> [WHAT TO DO]
Return the data word for word. Pictures are to be omitted.

═════ RAW DATA ═════

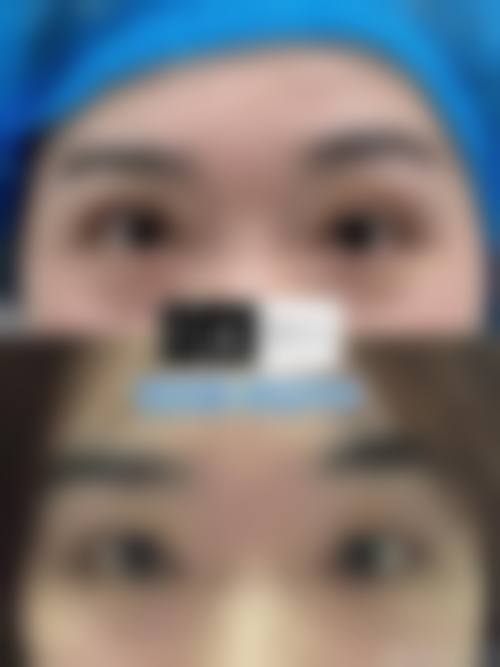 眶隔脂肪释放术有哪些专属术后注意事项？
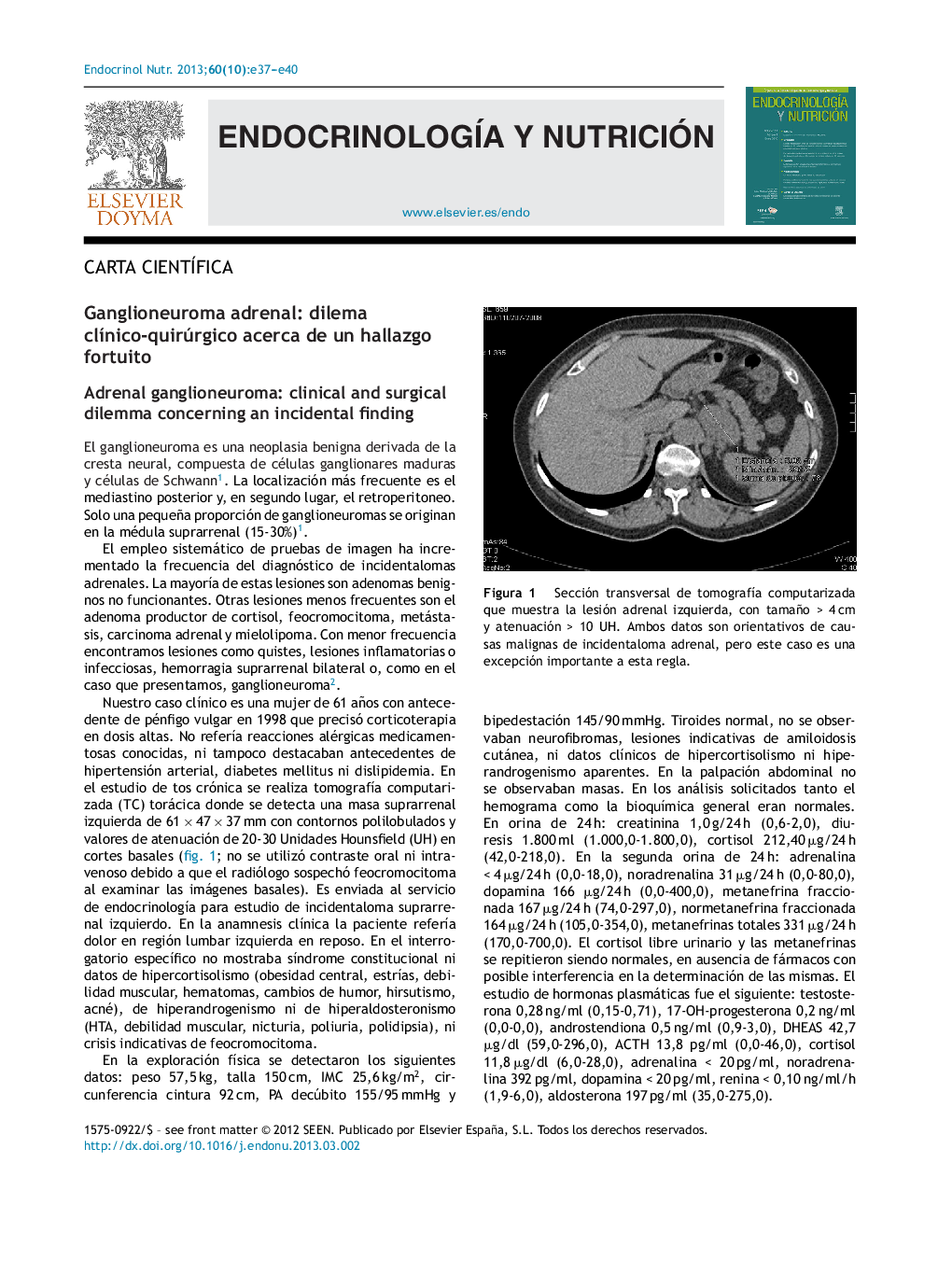 Ganglioneuroma adrenal: dilema clÃ­nico-quirúrgico acerca de un hallazgo fortuito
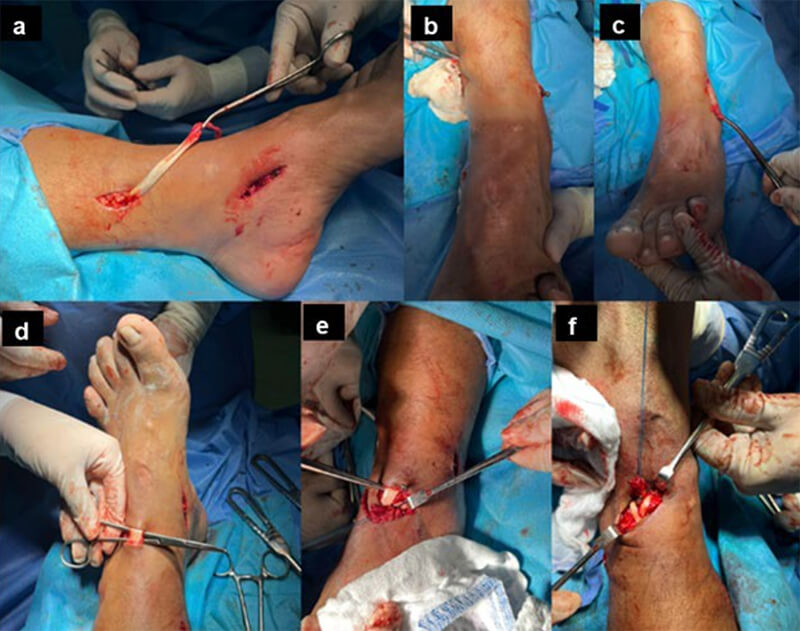 Figura 2. Imágenes intraoperatorias. A: Extracción del tibial posterior en el 2do abordaje. B y C: Paso del tendón tibial posterior a través de membrana interósea. D: 3er abordaje, donde se evidencia el tibial anterior. E y F: Tenodesis del Tibial posterior al Tibial anterior.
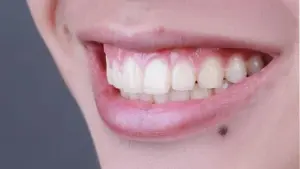 8 biểu hiện nhiễm trùng sau nhổ răng khôn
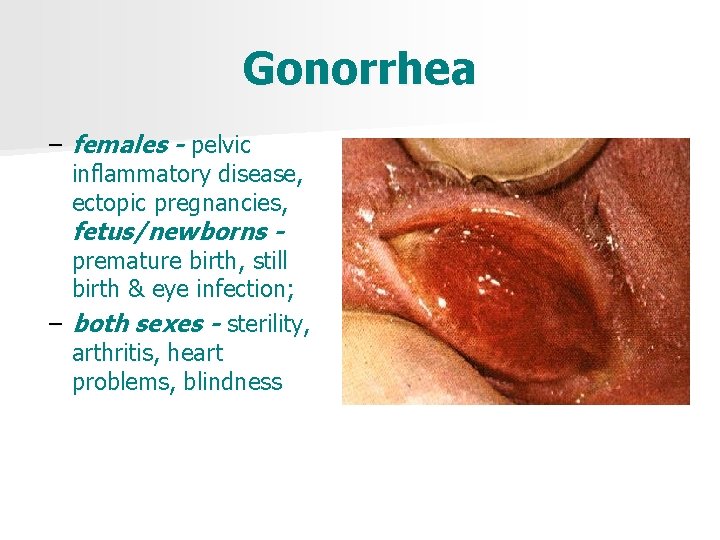 Gonorrhea – females - pelvic inflammatory disease, ectopic pregnancies, fetus/newborns premature birth, still birth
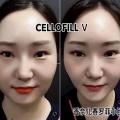 Coreia CellOfill v Cha Nel Face fina dissolve gordura facial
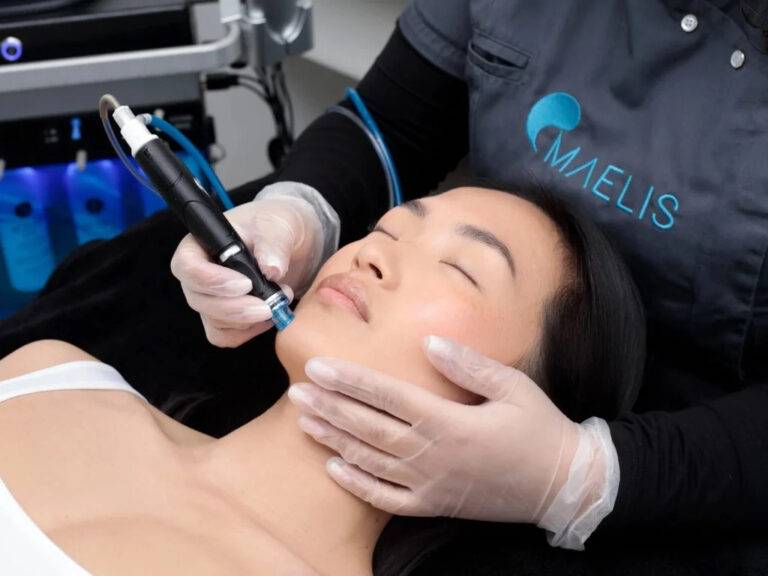 Séance d'Hydrafacial réalisée sur femme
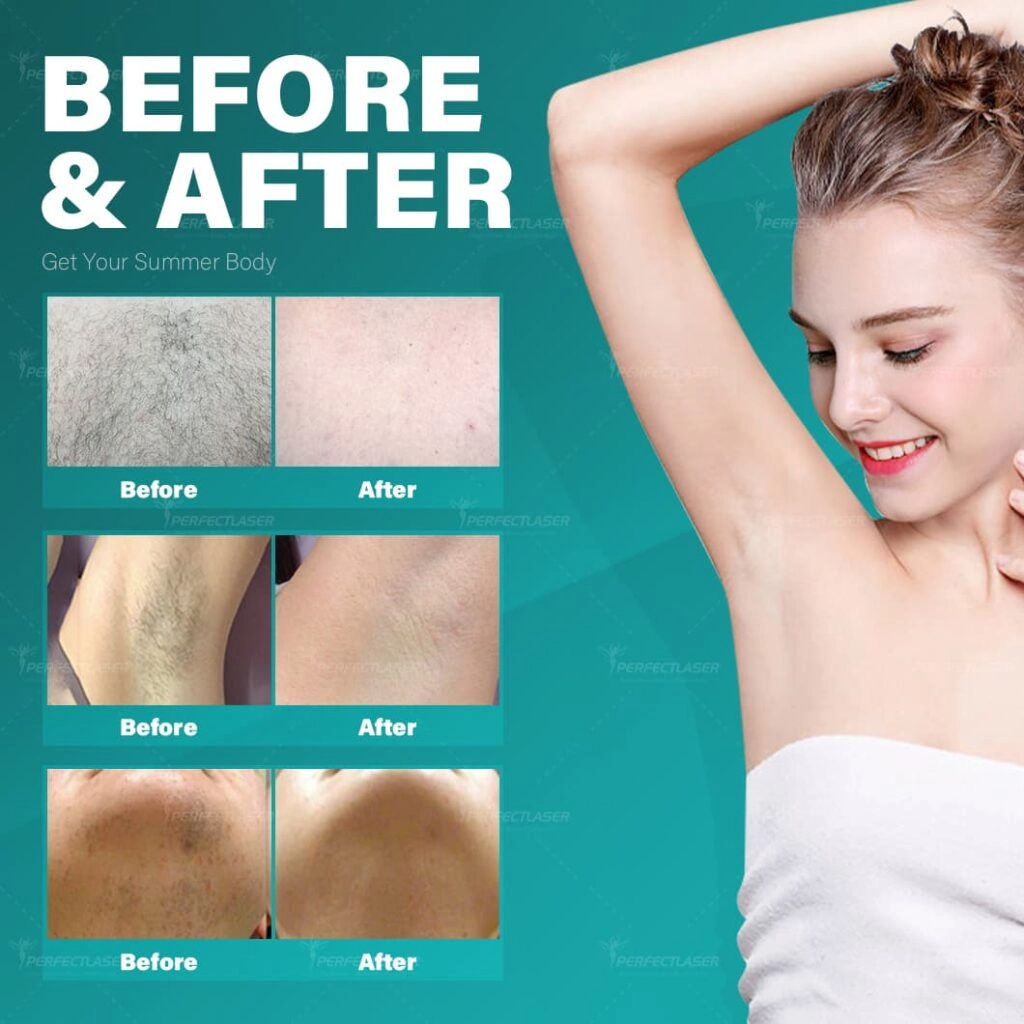 755nm 1064nm Alexandrite Laser Hair Removal Machine（2）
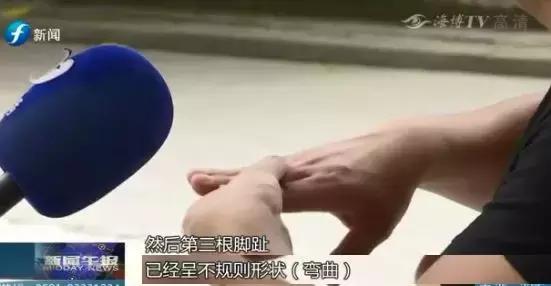 8岁女童被外卖车撞伤,小女孩被外卖员撞后续处理结果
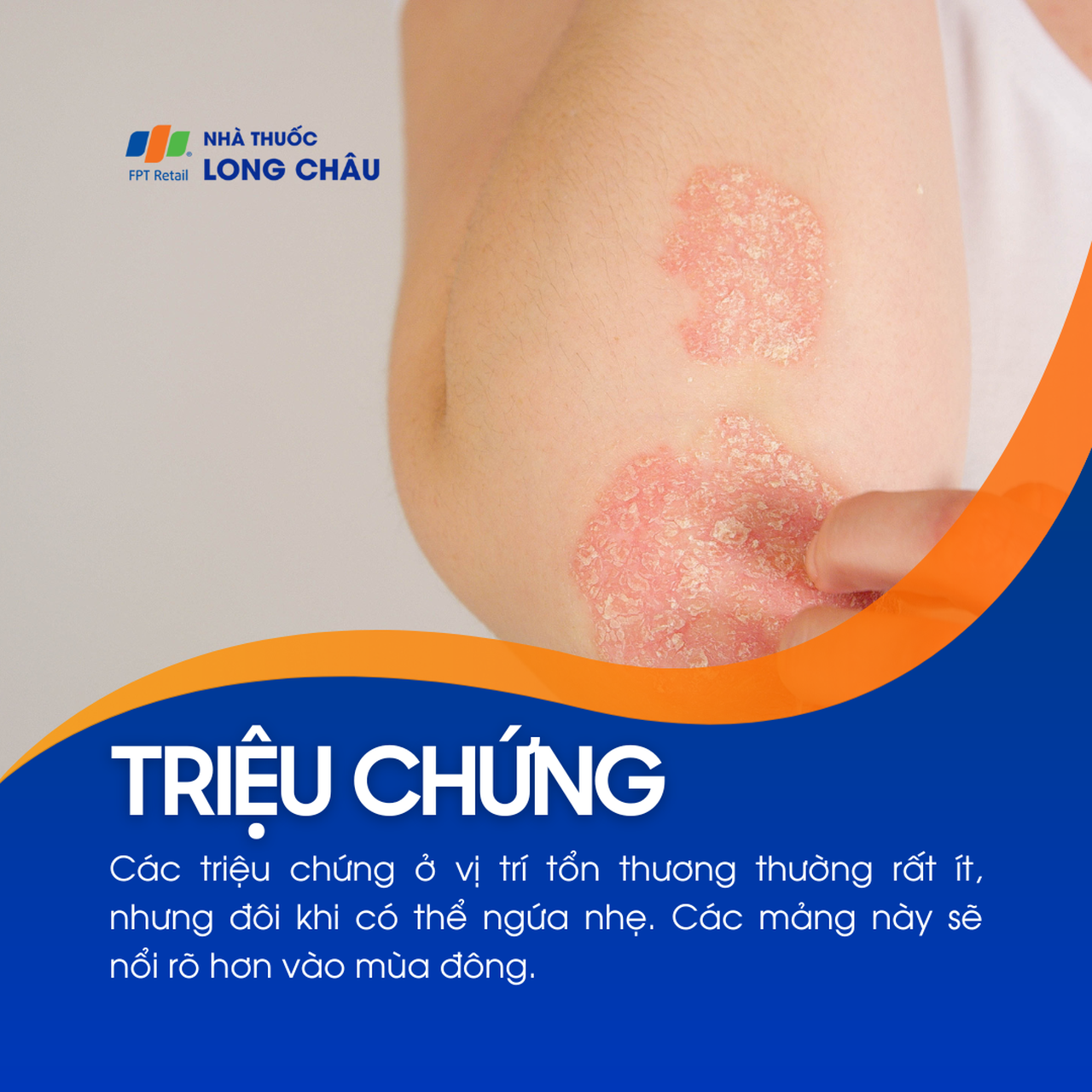 Á vảy nến 2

═════

> [EXERCISE RESPONSE]
 眶隔脂肪释放术有哪些专属术后注意事项？
 Ganglioneuroma adrenal: dilema clÃ­nico-quirúrgico acerca de un hallazgo fortuito
 Figura 2. Imágenes intraoperatorias. A: Extracción del tibial posterior en el 2do abordaje. B y C: Paso del tendón tibial posterior a través de membrana interósea. D: 3er abordaje, donde se evidencia el tibial anterior. E y F: Tenodesis del Tibial posterior al Tibial anterior.
 8 biểu hiện nhiễm trùng sau nhổ răng khôn
 Gonorrhea – females - pelvic inflammatory disease, ectopic pregnancies, fetus/newborns premature birth, still birth
 Coreia CellOfill v Cha Nel Face fina dissolve gordura facial
 Séance d'Hydrafacial réalisée sur femme
 755nm 1064nm Alexandrite Laser Hair Removal Machine（2）
 8岁女童被外卖车撞伤,小女孩被外卖员撞后续处理结果
 Á vảy nến 2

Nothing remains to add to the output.